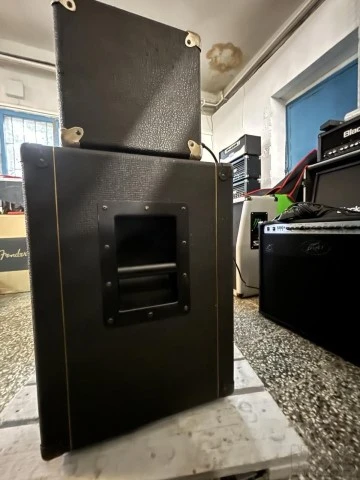 Orange PPC212 Closed Back
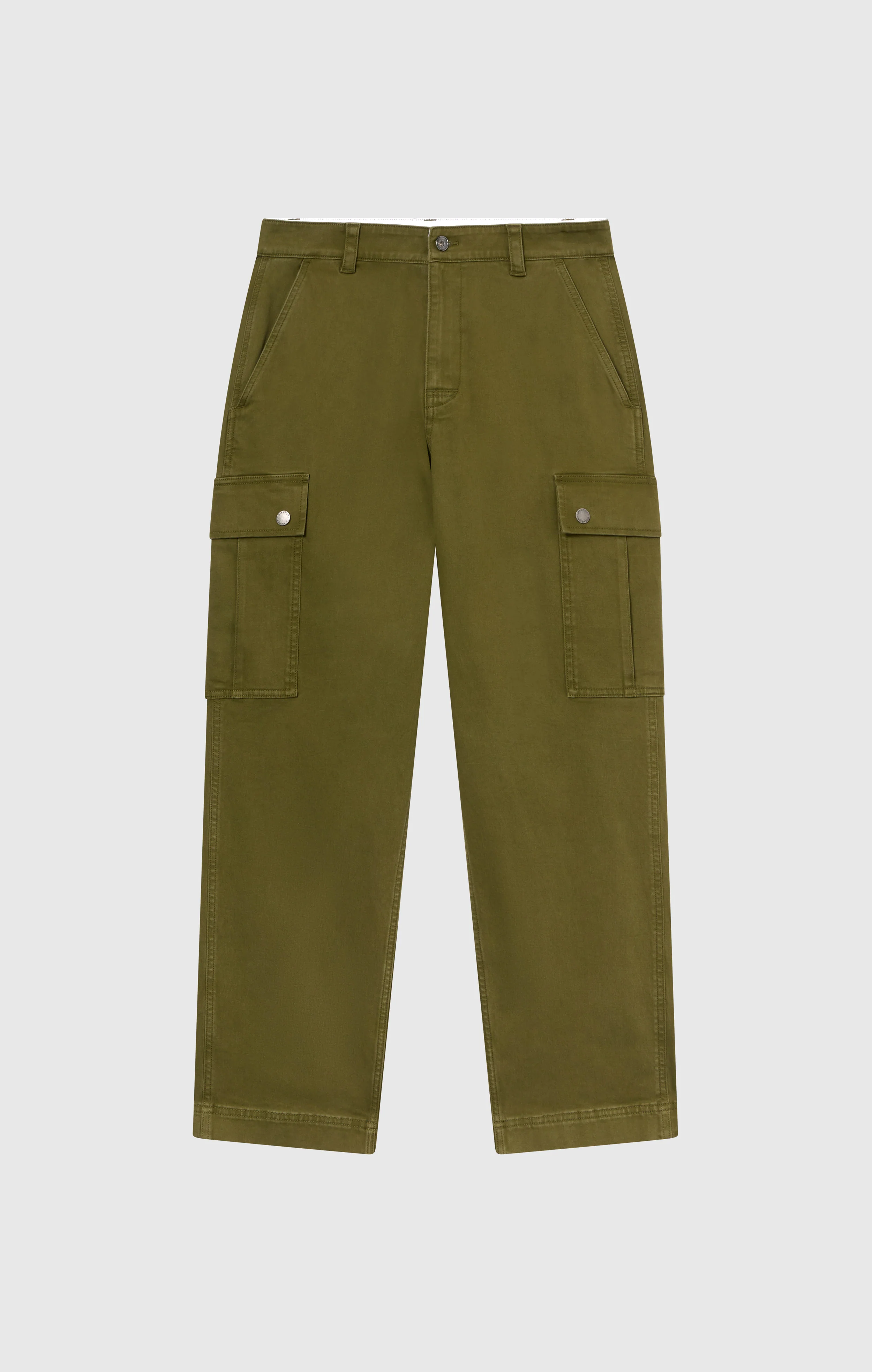 Men’s Woven Cargo Pants - Image 6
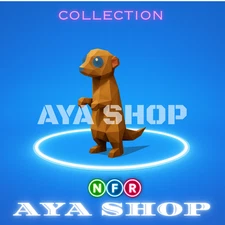 NFR Meerkat – Fast & Easy Delivery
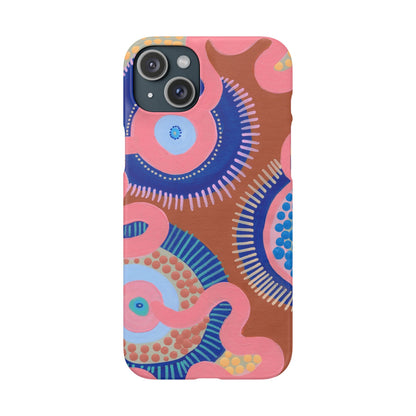 Where Our Stories Meet - Phone Case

---------------

**Work item**
Only the text of the listing above is wanted, transcribed exactly, without its images.

**Answer space**
 Orange PPC212 Closed Back
 Men’s Woven Cargo Pants - Image 6
 NFR Meerkat – Fast & Easy Delivery
 Where Our Stories Meet - Phone Case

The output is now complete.